AI Hardware Connection

  • task_struct.sched_class determines the scheduler for each task; assigning modeld to SCHED_FIFO switches it to rt_sched_class, preventing CFS/EEVDF jitter from delaying frame processing by up to 5 ms on an untuned system.
  • cpuset.cpus in cgroup v2 pins inference processes to isolated cores, preventing migration to cores shared with interrupt handlers; on Jetson Orin, the big-cluster Cortex-A78AE cores are typically reserved for modeld and camerad.
  • cpu.max throttles background processes (telemetry, logging) to a fixed quota so inference threads retain burst CPU headroom — directly writable at /sys/fs/cgroup/[pod]/cpu.max in Kubernetes.
  • openpilot's camerad, modeld, sensord, plannerd, and controlsd run as separate processes; CoW fork semantics give each an independent mm_struct, enabling crash isolation without corrupting sibling address spaces.
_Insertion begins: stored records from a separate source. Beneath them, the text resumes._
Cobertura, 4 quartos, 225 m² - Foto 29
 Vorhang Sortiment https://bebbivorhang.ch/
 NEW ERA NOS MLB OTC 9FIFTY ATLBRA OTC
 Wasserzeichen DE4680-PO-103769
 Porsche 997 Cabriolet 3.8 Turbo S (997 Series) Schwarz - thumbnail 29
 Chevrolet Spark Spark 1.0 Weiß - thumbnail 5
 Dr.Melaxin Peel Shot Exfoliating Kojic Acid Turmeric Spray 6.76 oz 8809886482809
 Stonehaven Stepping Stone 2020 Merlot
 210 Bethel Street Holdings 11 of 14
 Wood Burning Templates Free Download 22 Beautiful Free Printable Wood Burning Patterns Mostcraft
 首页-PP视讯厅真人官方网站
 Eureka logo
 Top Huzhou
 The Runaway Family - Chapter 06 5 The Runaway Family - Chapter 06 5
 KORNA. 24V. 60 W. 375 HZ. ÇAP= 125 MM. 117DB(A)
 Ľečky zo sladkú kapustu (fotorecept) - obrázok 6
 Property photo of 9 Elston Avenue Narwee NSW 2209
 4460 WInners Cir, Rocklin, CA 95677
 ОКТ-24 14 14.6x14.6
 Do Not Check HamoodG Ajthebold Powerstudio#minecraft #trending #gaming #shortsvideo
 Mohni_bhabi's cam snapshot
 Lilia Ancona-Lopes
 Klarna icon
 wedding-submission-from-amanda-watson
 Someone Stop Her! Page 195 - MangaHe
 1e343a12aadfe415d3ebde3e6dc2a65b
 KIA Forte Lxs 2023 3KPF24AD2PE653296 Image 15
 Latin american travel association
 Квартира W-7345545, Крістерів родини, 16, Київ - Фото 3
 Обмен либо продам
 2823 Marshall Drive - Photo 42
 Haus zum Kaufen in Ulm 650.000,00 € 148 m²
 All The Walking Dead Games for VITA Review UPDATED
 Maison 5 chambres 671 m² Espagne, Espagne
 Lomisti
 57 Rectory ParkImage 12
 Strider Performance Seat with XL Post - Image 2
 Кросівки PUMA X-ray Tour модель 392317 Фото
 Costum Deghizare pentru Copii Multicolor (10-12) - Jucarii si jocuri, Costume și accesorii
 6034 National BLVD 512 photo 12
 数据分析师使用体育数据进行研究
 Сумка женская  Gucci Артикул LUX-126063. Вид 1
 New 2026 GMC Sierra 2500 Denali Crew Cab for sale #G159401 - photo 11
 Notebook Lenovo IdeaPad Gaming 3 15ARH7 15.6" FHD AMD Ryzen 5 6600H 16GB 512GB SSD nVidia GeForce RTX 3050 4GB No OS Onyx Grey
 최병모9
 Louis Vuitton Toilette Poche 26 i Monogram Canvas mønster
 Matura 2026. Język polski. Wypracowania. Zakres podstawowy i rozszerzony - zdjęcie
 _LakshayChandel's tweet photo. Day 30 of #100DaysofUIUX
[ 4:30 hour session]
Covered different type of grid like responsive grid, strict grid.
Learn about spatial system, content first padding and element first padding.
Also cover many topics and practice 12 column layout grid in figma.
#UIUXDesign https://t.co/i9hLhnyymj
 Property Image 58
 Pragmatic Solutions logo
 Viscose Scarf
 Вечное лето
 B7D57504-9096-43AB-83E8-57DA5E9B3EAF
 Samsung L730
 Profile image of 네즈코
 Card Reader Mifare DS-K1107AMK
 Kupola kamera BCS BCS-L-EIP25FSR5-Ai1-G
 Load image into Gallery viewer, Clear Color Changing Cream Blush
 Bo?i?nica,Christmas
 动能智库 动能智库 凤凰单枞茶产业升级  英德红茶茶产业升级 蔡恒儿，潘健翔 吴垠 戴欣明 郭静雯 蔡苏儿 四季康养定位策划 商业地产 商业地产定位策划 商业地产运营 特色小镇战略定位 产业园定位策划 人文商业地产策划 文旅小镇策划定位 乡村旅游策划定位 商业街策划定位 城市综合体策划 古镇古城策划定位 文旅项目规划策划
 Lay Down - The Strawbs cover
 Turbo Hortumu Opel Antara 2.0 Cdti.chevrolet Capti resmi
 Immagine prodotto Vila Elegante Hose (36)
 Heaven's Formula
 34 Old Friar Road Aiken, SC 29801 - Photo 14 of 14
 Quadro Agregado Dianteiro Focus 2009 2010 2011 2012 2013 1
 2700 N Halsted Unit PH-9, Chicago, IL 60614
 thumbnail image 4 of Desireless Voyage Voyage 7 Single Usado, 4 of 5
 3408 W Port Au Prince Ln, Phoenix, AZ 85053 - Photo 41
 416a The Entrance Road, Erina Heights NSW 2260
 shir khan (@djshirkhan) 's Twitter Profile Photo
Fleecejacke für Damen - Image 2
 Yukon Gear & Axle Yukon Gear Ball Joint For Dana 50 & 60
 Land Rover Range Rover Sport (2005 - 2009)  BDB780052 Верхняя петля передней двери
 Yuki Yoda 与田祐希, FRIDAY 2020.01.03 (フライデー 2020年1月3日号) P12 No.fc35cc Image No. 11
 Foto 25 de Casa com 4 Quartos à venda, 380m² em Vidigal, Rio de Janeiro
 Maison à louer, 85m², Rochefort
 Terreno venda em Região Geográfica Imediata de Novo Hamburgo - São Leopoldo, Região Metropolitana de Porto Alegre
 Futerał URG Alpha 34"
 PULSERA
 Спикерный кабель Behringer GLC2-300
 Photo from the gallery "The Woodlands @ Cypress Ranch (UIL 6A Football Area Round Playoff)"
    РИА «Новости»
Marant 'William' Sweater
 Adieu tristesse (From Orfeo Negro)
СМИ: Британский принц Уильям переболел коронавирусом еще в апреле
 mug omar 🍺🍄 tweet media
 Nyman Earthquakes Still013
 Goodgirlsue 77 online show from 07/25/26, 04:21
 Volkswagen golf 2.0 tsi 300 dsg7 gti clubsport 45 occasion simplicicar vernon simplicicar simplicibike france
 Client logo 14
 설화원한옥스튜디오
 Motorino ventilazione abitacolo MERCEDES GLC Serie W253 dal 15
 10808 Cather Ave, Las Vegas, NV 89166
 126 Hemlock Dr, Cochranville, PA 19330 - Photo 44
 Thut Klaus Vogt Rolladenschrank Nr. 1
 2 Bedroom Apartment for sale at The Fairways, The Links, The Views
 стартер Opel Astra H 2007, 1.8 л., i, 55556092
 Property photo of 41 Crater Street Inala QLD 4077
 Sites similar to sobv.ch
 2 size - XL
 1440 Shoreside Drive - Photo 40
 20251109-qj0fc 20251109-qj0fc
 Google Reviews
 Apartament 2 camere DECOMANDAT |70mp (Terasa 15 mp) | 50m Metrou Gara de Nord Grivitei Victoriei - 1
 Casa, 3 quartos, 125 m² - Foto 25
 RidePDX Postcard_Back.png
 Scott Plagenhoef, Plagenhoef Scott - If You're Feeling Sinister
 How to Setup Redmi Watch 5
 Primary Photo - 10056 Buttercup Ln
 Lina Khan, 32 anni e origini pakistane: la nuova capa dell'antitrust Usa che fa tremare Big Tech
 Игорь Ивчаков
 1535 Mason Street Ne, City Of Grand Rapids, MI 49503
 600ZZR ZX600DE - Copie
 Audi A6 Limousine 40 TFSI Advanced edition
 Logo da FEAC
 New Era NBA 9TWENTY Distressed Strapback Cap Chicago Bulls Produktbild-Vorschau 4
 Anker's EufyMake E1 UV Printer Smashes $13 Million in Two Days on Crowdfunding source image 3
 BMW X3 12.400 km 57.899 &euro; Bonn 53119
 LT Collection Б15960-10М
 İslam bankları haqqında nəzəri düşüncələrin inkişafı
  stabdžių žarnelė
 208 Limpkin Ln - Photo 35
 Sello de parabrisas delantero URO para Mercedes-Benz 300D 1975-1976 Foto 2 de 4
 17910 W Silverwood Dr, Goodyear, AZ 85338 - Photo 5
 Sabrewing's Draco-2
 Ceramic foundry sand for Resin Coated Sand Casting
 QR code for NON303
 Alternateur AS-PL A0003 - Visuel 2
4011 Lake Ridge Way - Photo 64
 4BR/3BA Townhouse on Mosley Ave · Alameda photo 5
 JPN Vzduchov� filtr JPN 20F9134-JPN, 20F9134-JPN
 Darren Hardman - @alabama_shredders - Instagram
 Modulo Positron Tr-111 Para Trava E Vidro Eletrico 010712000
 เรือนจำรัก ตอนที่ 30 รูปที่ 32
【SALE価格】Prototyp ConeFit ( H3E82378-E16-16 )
  • TASK_UNINTERRUPTIBLE appears in camera and DMA driver code paths — a persistent D-state process in /proc/[pid]/wchan pointing to v4l2_dqbuf or nvdla_submit immediately identifies the stalled hardware interface.
  • PID namespaces in Kubernetes inference pods isolate service process trees; /proc/[pid]/cgroup on the host maps any guest PID to its pod's resource accounting group for OOM investigation.